Vu ain­si, le risque n’est pas tant la pri­va­ti­sa­tion de l’enseignement ou l’exposition exces­sive des médias aux publi­ci­taires. Le risque est — tout sim­ple­ment — de décou­ra­ger des pro­fes­sion­nels qui, pour la grande majo­ri­té, choi­sissent cette voie par pas­sion, par voca­tion. L’adage dit que lorsque les dégou­tés s’en vont, il ne reste que les dégou­tants, ceux qui ont le moins de scru­pules à pro­duire des conte­nus qui ne les satis­font pas. Pour­quoi a‑t-on veillé à l’indépendance des res­pon­sables poli­tiques et des magis­trats en leur assu­rant un reve­nu que l’on estime suf­fi­sant ? Pré­ci­sé­ment pour évi­ter la ten­ta­tion de la cor­rup­tion. Il n’est évi­dem­ment pas ques­tion ici d’enrichissement per­son­nel, mais de per­ver­sion des inter­ac­tions entre des per­sonnes : les (in)formateurs et leur public. Seule une pré­pa­ra­tion de qua­li­té et en toute indé­pen­dance est à même de garan­tir des cours, des articles ou des repor­tages ne pou­vant prê­ter le flanc à la critique.

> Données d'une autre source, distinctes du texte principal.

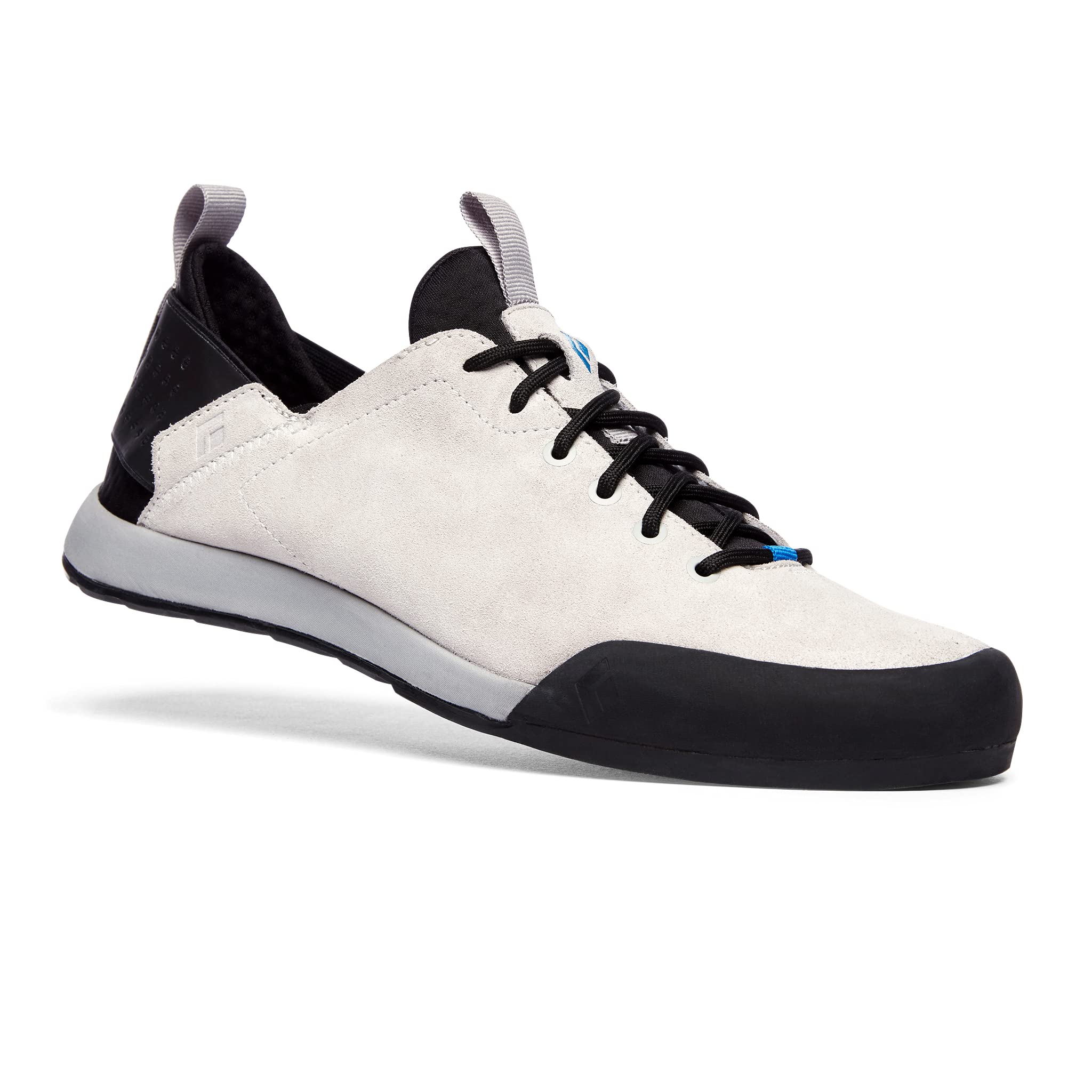 Black Diamond Men's Session Suede Approach & Hiking Shoes - Lightweight Trail Shoes for Outdoor Adventures, Climbing & Hiking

Il n’est pas ques­tion de récla­mer une car­rière sans embuche ou une meilleure rému­né­ra­tion, mais des pers­pec­tives d’un emploi stable qui tien­draient plus des com­pé­tences et du mérite que de la lote­rie. Ce n’est évi­dem­ment pas la pana­cée uni­ver­selle, mais une manière de bri­ser le cercle vicieux de la perte de qua­li­té. Les pro­fes­sion­nels de la cri­tique doivent le res­ter et non se lan­cer, avec les illu­sions et la pas­sion du débu­tant, dans une car­rière de recherche du pro­chain financement.

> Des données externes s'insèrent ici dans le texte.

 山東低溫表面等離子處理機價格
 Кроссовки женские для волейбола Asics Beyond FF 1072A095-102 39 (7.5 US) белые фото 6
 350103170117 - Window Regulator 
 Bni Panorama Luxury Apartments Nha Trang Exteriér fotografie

  1. Ber­nard Fusu­lier et María Del Rio Car­ral, Cher­cheur-e‑s sous haute ten­sion ! Vita­li­té, com­pé­ti­ti­vi­té, pré­ca­ri­té et (in)compatibilité travail/famille, Presses uni­ver­si­taires de Lou­vain, 2012.
  2. Voir notam­ment Anne Ram­bach, Les intel­los pré­caires, Fayard, 2001.